Он прибавил шагу и заспешил по деревенской улице, небрежно отвечая на вялые приветствия подчиненных. В два-три прыжка одолел ступеньки ратуши. Но перед кабинетом генерала помедлил. Наконец вошел и по всей форме доложил о своем прибытии.
Генерал, долговязый, худощавый, хотя с виду и не очень старый, слегка сутулился. Половина его лица обезображена шрамом, пересекавшим щеку от глаза до уголка рта. Казалось, на лице его застыла улыбка. Генерал поднял глаза на вошедшего, неодобрительно оценив его элегантную внешность. Затем опять углубился в чтение разложенных на столе бумаг.
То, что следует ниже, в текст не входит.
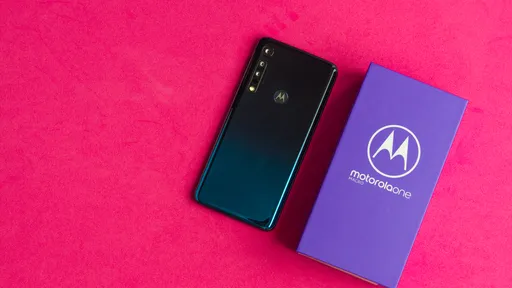 Motorola One Macro: ainda vale a pena comprar?
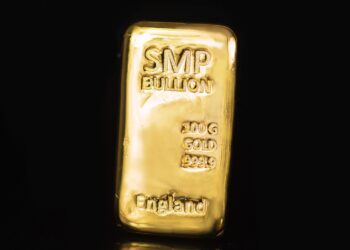 التقرير الأسبوعي لـ «آي صاغة» يكشف 5 عوامل أشعلت أسعار الذهب بالأسواق المحلية والعالمية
Неподалеку от стола возился фельдфебель, тот самый, что вытащил лейтенанта из постели.
Лейтенант стоял у двери и ждал. Он уже понял, что фельдфебель донес на него.
Генерал, с застывшей на лице улыбкой, поднял голову и, не предложив офицеру сесть, объявил, что до него дошли слухи об ослаблении дисциплины во вверенной лейтенанту части. Это весьма прискорбно и имеет свои причины. Необходимо принять строжайшие меры и восстановить порядок. Распущенность следует беспощадно искоренять. Деревня расположена возле важного в военном отношении моста. Ее необходимо удержать — во что бы то ни стало. Подкрепление на подходе, объявлен по тревоге сбор фольксштурма, к тому же в ведении лейтенанта бывалые люди. Дня два-три они устоят против американцев. Сам же он и его штаб, прибытие которого он ожидает с минуты на минуту, должен отойти в глубь страны для переформирования. Все ли офицеру ясно?